Texas A & M University

Department of Electrical and Computer Engineering

College Station, TX, USA

Email: [email protected]

Abstract

Cancer encompasses various diseases associated with loss of cell-cycle control, leading to uncontrolled cell proliferation and/or reduced apoptosis. Cancer is usually caused by malfunction(s) in the cellular signaling pathways.
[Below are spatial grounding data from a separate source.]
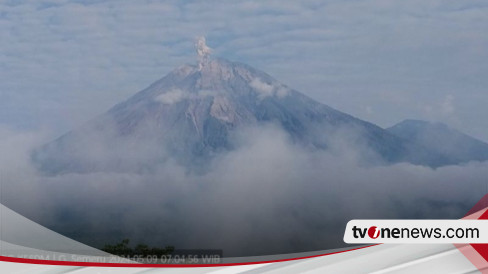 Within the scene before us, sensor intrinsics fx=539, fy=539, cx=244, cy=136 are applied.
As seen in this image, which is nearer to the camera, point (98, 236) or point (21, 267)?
point (21, 267)

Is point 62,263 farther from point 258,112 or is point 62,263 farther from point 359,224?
point 258,112

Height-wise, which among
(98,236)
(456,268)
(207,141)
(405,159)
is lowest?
(456,268)

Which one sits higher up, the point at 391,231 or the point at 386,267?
the point at 391,231

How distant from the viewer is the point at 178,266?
302cm

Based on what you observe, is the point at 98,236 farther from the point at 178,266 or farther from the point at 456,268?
the point at 456,268

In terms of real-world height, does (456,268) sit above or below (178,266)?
below

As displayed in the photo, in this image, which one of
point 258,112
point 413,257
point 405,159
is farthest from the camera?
point 258,112

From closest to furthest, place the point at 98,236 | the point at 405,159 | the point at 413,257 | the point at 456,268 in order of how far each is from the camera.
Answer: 1. the point at 456,268
2. the point at 413,257
3. the point at 98,236
4. the point at 405,159

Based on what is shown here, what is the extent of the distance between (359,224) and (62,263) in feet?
5.55

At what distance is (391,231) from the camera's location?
9.96 feet

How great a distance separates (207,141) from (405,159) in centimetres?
488

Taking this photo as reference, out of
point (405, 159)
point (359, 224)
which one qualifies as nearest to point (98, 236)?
point (359, 224)

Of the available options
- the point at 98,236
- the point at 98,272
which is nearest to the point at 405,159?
the point at 98,236

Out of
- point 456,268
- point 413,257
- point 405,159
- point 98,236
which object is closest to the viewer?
point 456,268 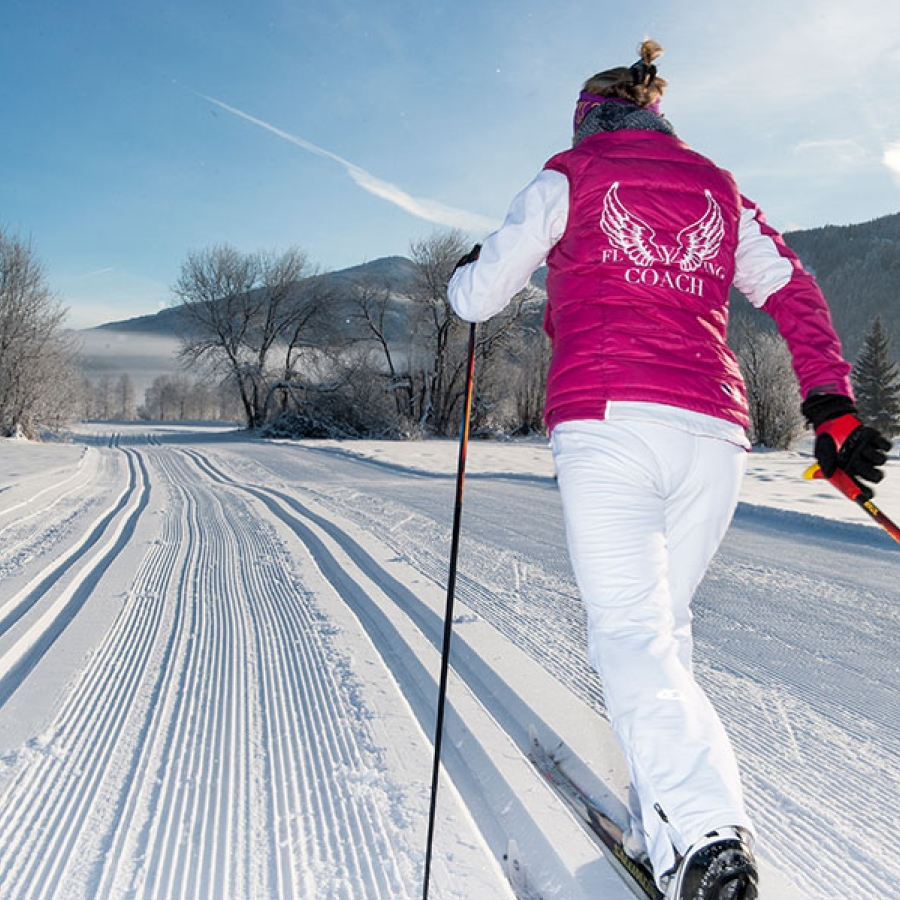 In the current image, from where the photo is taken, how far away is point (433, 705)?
2404 millimetres

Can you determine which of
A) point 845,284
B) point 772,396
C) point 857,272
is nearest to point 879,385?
point 772,396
Malfunctions occur in different ways and at different locations in a pathway. Consequently, therapy design should first identify the location and type of malfunction and then arrive at a suitable drug combination. We consider the growth factor (GF) signaling pathways, widely studied in the context of cancer. Interactions between different pathway components are modeled using Boolean logic gates. All possible single malfunctions in the resulting circuit are enumerated and responses of the different malfunctioning circuits to a “test” input are used to group the malfunctions into classes. Effects of different drugs, targeting different parts of the Boolean circuit, are taken into account in deciding drug efficacy, thereby mapping each malfunction to an appropriate set of drugs.

Biography

Aniruddha Datta received the B. Tech degree in Electrical Engineering from IIT Kharagpur in 1985, the M.S.E.E. degree from Southern Illinois University, Carbondale in 1987 and the M.S. (Applied Mathematics) and Ph.D. degrees from the University of Southern California in 1991. In August 1991, he joined the Department of Electrical and Computer Engineering at Texas A&M University where he is currently the J. W. Runyon, Jr. ’35 Professor II. His areas of interest include adaptive control, robust control, PID control and Genomic Signal Processing. He has authored or coauthored 5 books and over 100 journal and conference papers on these topics. He is a Fellow of IEEE, has served as an Associate Editor of the IEEE Transactions on Automatic Control (2001-2003), the IEEE Transactions on Systems, Man and Cybernetics-Part B (2005-2006) and is currently serving as an Associate Editor of the EURASIP Journal on Bioinformatics and Systems Biology, the IEEE Transactions on Biomedical Engineering and IEEE Access.